LA MOSSA DI RAMOS SU SALAH CHIEDE VENDETTA AL DIO DEL CALCIO
Caro Gino,
P iù delle carezze di Cristiano Ronaldo, mi ha colpito il modo proditorio in cui Sergio Ramos ha tolto di mezzo l’uomochiave degli avversari, Momo Salah. E ho ripensato a quando Niels Liedholm mi raccontò la finale della Coppa dei Campioni del 1958: il Real Madrid perdeva 2 a 1 con il Milan, quando Joselito azzoppò il cervello dei rossoneri, appunto Liedholm; che si chiese per tutta la vita se l’avesse fatto apposta.

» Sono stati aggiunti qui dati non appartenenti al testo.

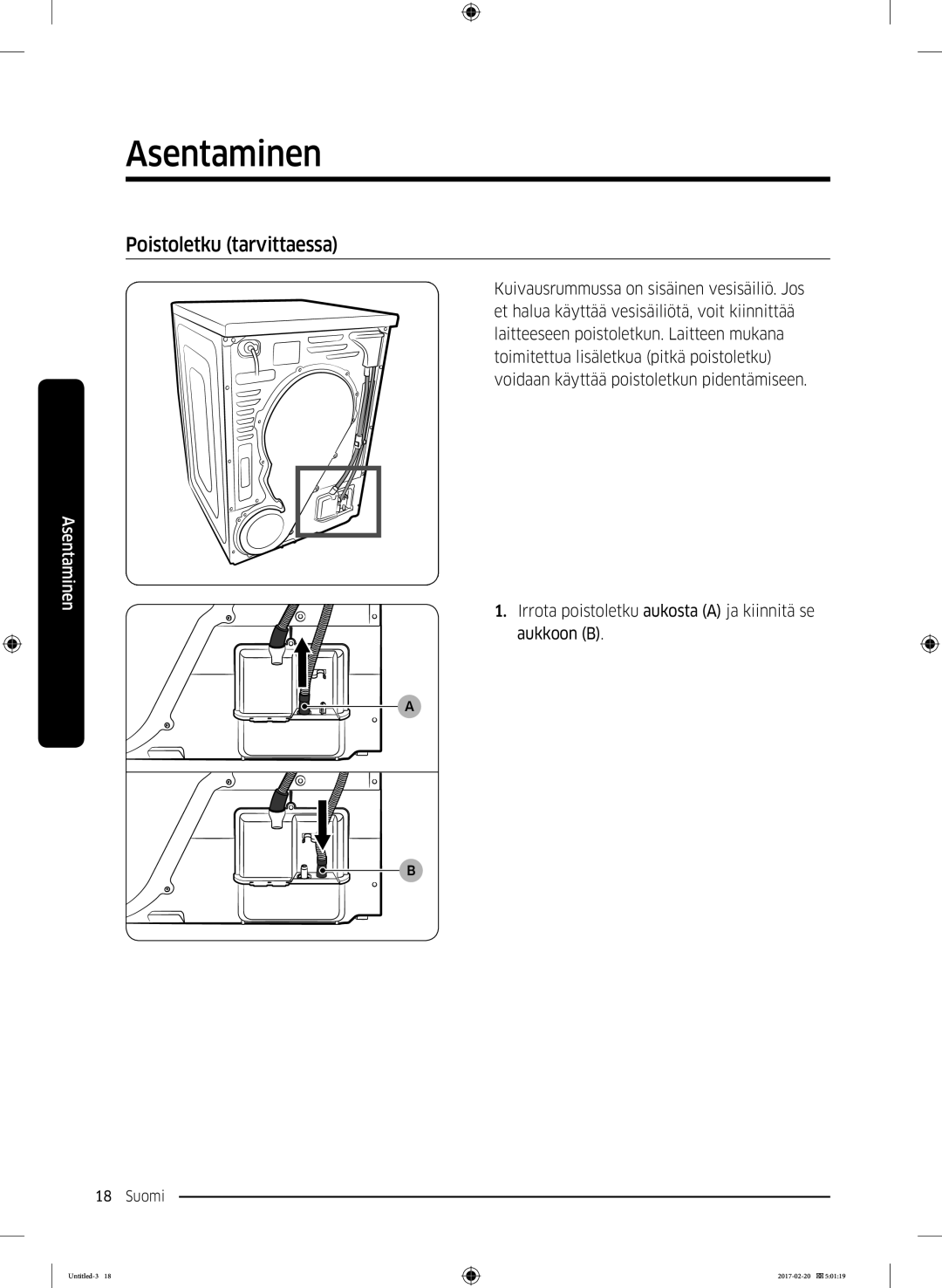 Samsung DV90M6200EW/EE manual Poistoletku tarvittaessa 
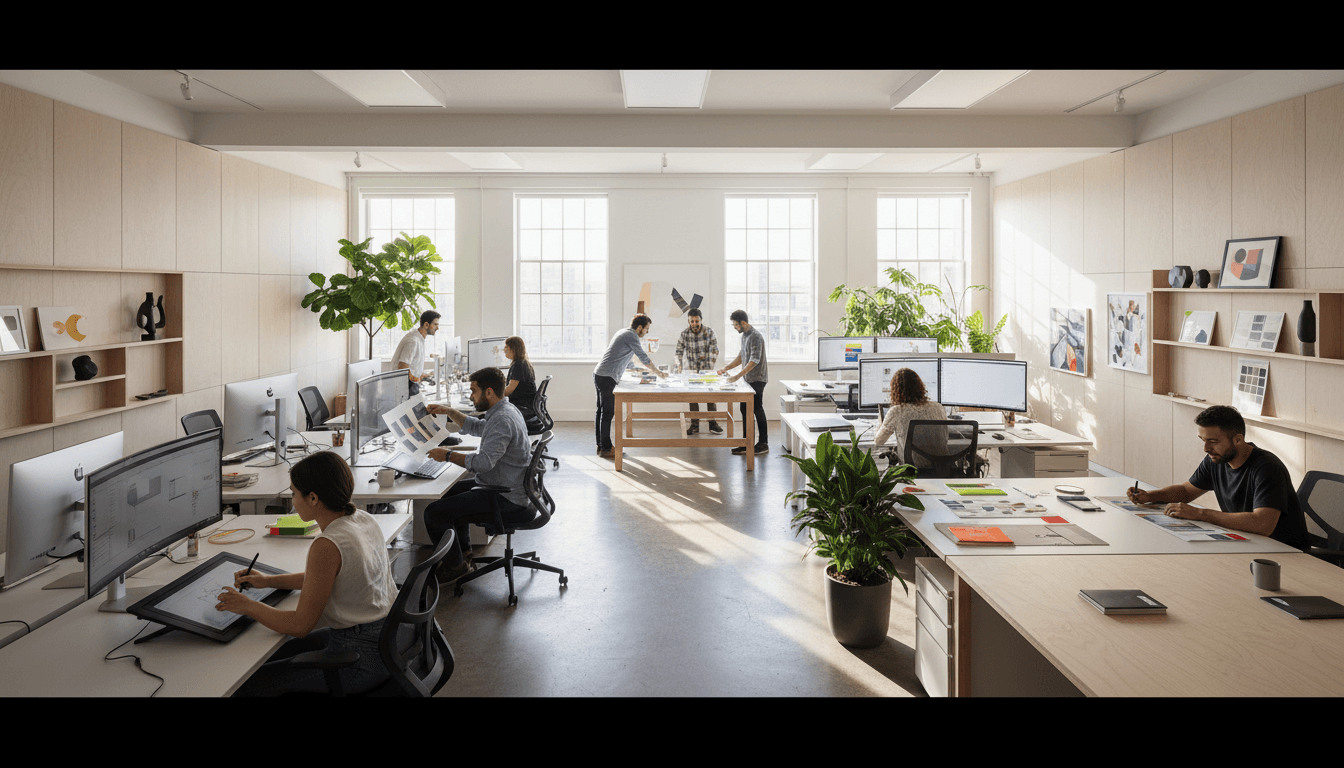 Professional strategist reviewing brand communications materials at a workspace desk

Ovviamente l’aveva fatto apposta, come gli confermarono anni dopo Gento e Di Stefano: «Joselito sapeva scegliere i momenti giusti…». Il Real Madrid vinse 3 a 2.
Stavolta Ramos è stato più scaltro; non ha fatto un intervento spettacolare, ma una mossa da arte marziale, facendo cadere Salah su una spalla e fracassandogliela. Incredibilmente, l’arbitro non l’ha neanche ammonito. Anche da queste cose si vede il potere di un club. È lo stesso Ramos, oltretutto capitano della squadra, che al Santiago Bernabeu — il presidente delle cinque Coppe dei Campioni di fila, compresa quella del 1958 — esultava in campo per l’eliminazione della Juve, pur essendo squalificato. A Kiev però le immagini dell’esultanza finale di Ramos hanno dato l’impressione di qualcosa di osceno. «Ubris», avrebbero detto i greci antichi: ardimento sfacciato, al limite del sacrilegio. Se c’è un dio del calcio, prima o poi gliene chiederà conto. Tra due settimane cominciano i Mondiali, e lì non c’è il Real Madrid.